There are a lot of trainers in the Sirius program, there are around 20 class locations around the Bay Area, so they have plenty of trainers to sub, it's a little different than a class with just one location and a trainer with maybe a couple of assistants. Nicole did have to miss a week, so we had Micki (sp?) filling in. She was also very impressed with Halo - her comment was: "That is a very smart puppy. You can do a lot with that puppy."


----------



## 3K9Mom (Jun 12, 2006)

My friend who had two toddlers at once explained that if the toilet paper is hung so that it goes OVER the roll, it's harder to pull all over the house. I tried that with Grover (who never met a piece of paper she didn't find delicious), and it worked perfectly.

Whenever I find Meri messing with toilet paper, it's because someone (ahem!) didn't hang the roll "properly." 

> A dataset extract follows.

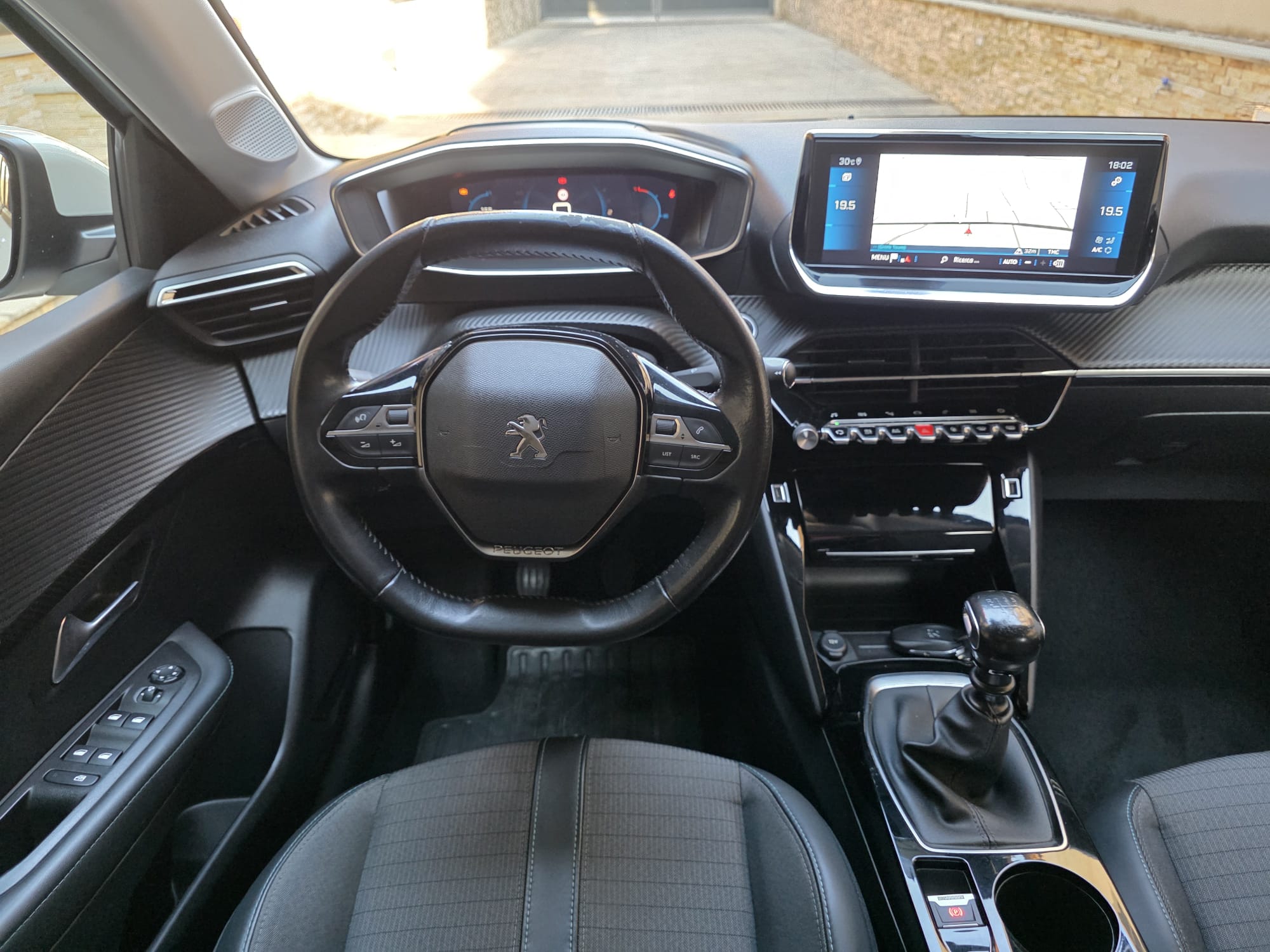 Peugeot 208 1.5 bluehdi Allure Navi Pack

Apparently, parents have all these *classified* secrets, but getting them to share these useful tips with us can be very difficult indeed.


----------



## The Stig (Oct 11, 2007)

Go Halo! Great captures of the human/dog team, Debbie! She is coming along so very nicely, I am so proud of her!


----------



## Rügen (Mar 19, 2008)

> Originally Posted By: 3K9MomMy friend who had two toddlers at once explained that if the toilet paper is hung so that it goes OVER the roll, it's harder to pull all over the house. I tried that with Grover (who never met a piece of paper she didn't find delicious), and it worked perfectly.
> 
> Whenever I find Meri messing with toilet paper, it's because someone (ahem!) didn't hang the roll "properly."
> 
> Apparently, parents have all these *classified* secrets, but getting them to share these useful tips with us can be very difficult indeed.



Here's a short story for you.

I had some of those 'fancy' TP holders with only one side attached so you could slide the roll on and off. My boys thought it was great. They stole the rolls every chance they got so in the drawer the TP went. Weeks later I was sick of having to keep the roll in the drawer so I spent a half hour installing a normal two sided TP holder, dry wall anchors, the whole bit. I finally finished and sat down in the den. NOT 2 minutes later my boys come running out with the TP roll... I went in to see how they could have done this and discovered they had pulled everything out of the wall, anchors and all!









To this day I have 4 little holes in my wall and a roll of TP in the drawer.


----------



## Cassidy's Mom (Mar 30, 2003)

SO glad we've got the kind with only one side attached!!!


----------